Le héros, Julian Ploscaru (Gabriel Spahiu), a enregistré le match sur son magnétoscope et ce sera le sujet principal de ses conversations avec les autres personnages : ses enfants, sa femme (Alina Burzunteanu), sa maîtresse Lidia (Ozana Oancea) et son patron (Doru Ana). Un sujet dominant bien que le désastre de Tchernobyl survenu seulement deux semaines plus tôt continue à préoccuper fortement les esprits de chacun et la conscience collective. Julian travaille dans le département sécurité d'une usine et en tant qu'aspirant-cinéaste amateur, il est chargé de filmer des reconstitutions d'accidents du travail sur une caméra 8mm, une pratique (courante à l'époque) qui sert à produire à la fois un document pour les autorités et un outil pédagogique pour les collègues.

Aussi euphoriques que soient les Roumains au moment de la victoire footballistique inattendue, le 8 mai est l'anniversaire du Parti communiste et même le triomphe du Steaua Bucarest est attribué à Ceausescu. Tandis que la fête nationale approche, et que l'usine de Julian se prépare à célébrer l'événement en l'honneur du parti, tout le monde est à cran parce que beaucoup de petites choses pourraient mal se passer, embarrasser le collectif des travailleurs, voire, ce qui serait bien pire, conduire à des représailles de la part des autorités.
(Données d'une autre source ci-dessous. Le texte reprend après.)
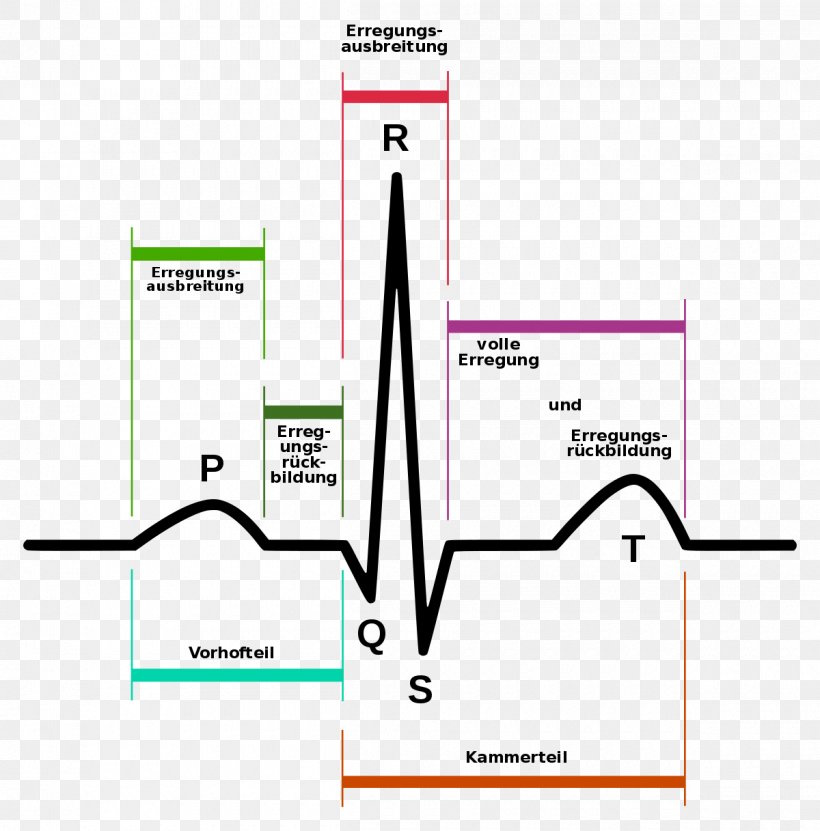 Electrocardiography Heart Arrhythmia Signal Processing Atrial Fibrillation, PNG, 1200x1217px, Electrocardiography, Area, Atrial Fibrillation, Atrium, Brand Download Free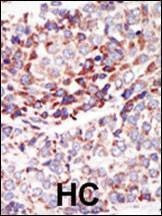 Anti-TEK (TIE2) (C-term) Antibody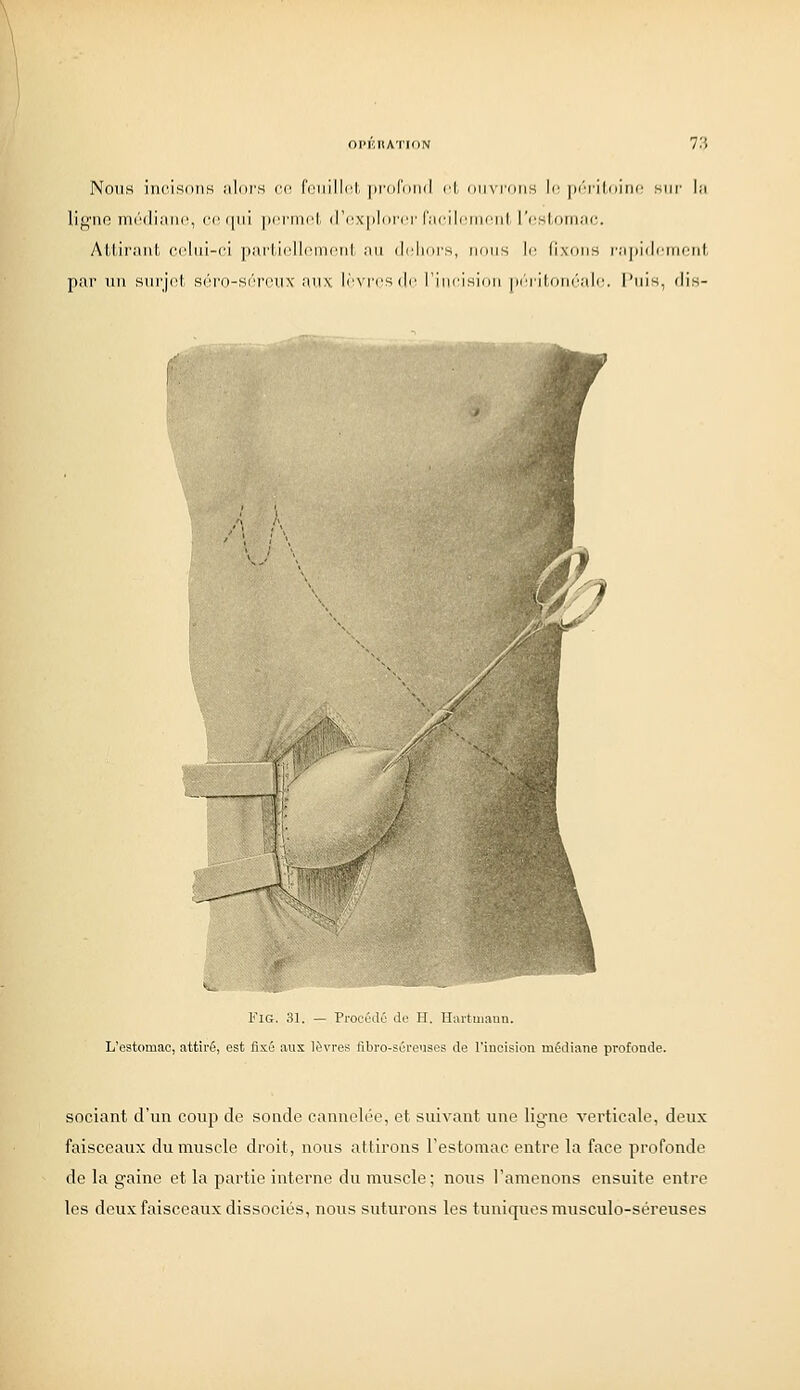 Nous incisons nlors ce, fci,iill(!l, pr(i('i)ii(l cl (iii\toiis Ii^ [x'riloini' siii' lu ligne moidianc, rf qui iicrrnni, (]V!X[)l()rri' l'iii'ilciin'iil ['rslriinac. Attiriinl, (•cliii-ci pailiclli'nH'iil an di'lioi's, rions lo fixons rajiidrnn'hl, par nn sni'ji'l S(''i'o-S(''r('.n\' anx. I^ntcs ilc l'incision |irTilfini''alr. l'nis, dis- Fu;. 31. — Procùaù do II. llaituiaiiu. L'estomac, attiré, est fixé aux 16vres fibro-séreuses de l'incision médiane profonde. sociant d'un coup de sonde cannelée, et suivant une ligne verticale, deux faisceaux du muscle droit, nous attirons Festomac entre la face profonde de la gaine et la partie interne du muscle; nous l'amenons ensuite entre les deux faisceaux dissociés, nous suturons les tuniques musculo-séreuses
La situation donne lieu à une série de scènes humoristiques et de saynètes dialoguées particulièrement désopilantes, souvent filmées en une seule séquence dynamique, où Julian et son adipeux patron, un stéréotype de directeur d'usine qui souffre d'hypertension, essaient de résoudre en même temps des problèmes futiles et des questions primordiales. Le film se termine sur un accident du travail qui, lors d'une reconstitution effectuée à des fins de documentation par le chef, les travailleurs et Julian, se reproduit réellement, ce qui crée un cercle vicieux représentatif de la Roumanie sous Ceausescu.
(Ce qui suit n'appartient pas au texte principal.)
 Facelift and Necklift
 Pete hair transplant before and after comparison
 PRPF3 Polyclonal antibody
Adalbert’s Dream appelle plusieurs visionnages. Ses nombreux éléments méta-cinématographiques – les reconstitutions en 8mm, le documentaire de Julian sur Lidia, aveuglée d'un oeil dans un accident du travail (qui était en grande partie de sa faute, comme le fait valoir le patron), les diapositives en 35mm de véritables accidents sordides qui scandent le film – indiquent le fossé qui existe entre la réalité et la perception qu'on en a dans un pays soumis à chaque instant au dictateur le plus brutal d'Europe. Même un rare moment d'orgueil national comme celui de l'incroyable victoire du Steaua est dédaigné, écrasé sous le poids d'une idéologie qui montre ce faisant sa vraie nature : être roumain ne compte pas, tout ce qui compte, c'est d'obéir. Formellement, les vidéos VHS ont ici la même fonction que le 8mm jadis : se remémorer le passé, les joies dont on est nostalgique comme les peines.

Adalbert’s Dream, tourné donc en VHS, 8mm, 35mm et RED, a été coproduit pour un budget de 600 000 euros par Green Film (qui en gère aussi les ventes internationales) et 4 Proof Film, avec le soutien du Centre national de la cinématographie roumain.